Bogart would return to his old refuge in 1944 and propose to a young Lauren Bacall in Table 30. They first worked together on To Have and Have Not, based on the novel written by “21” regular Ernest Hemingway (who was surprised making love to gangster girlfriend Legs Diamond in kitchen “21” in 1931). Hollywood came to “21” years later in the 1950s to shoot scenes for the classic movies “All About Eve” starring Bette Davis and Anne Baxter and “The Sweet Smell of Success” with Burt Lancaster and Tony Curtis.

The first of the 33 replicas of the horsemen on duty in front of the entrance gates of “21” was donated by sponsor Jay Van Urk in the early 1930s. In 1992, a jockey was stolen from the restaurant and that news was reported on page 2 of the New York Post.
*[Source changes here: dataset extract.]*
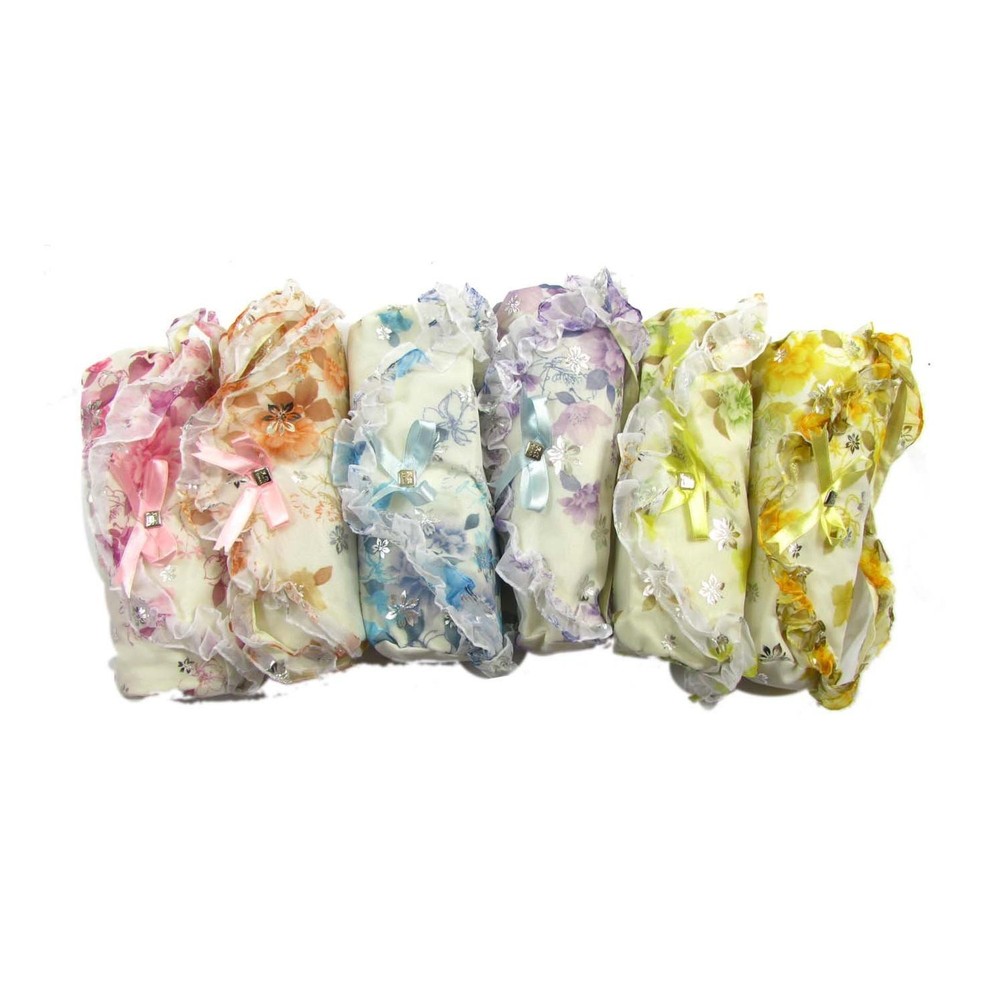 Three Fold Sun/Rain Floral Lace Umbrella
The next day, a “21” regular customer was looking out of his office window overlooking Washington Square Park, saw the jockey in a shopping cart, and called the police. In 2004, there was a collection of 33 riders, the most recent being Saratoga Stables representing the great New York horse Sunny Cide, winner of the 2003 Kentucky Derby and Preakness races.

In recent years, “21” has undergone a host of renovations and remains one of the few classic restaurants still in existence since the heyday of New York City nightlife. It is still a refreshing throwback to the great dinner of a bygone era. Classic American food is still expertly executed and the menu, with or without a large bottle of wine, remains an enjoyable experience for New Yorkers and visitors alike. It will certainly provide memories for generations to come.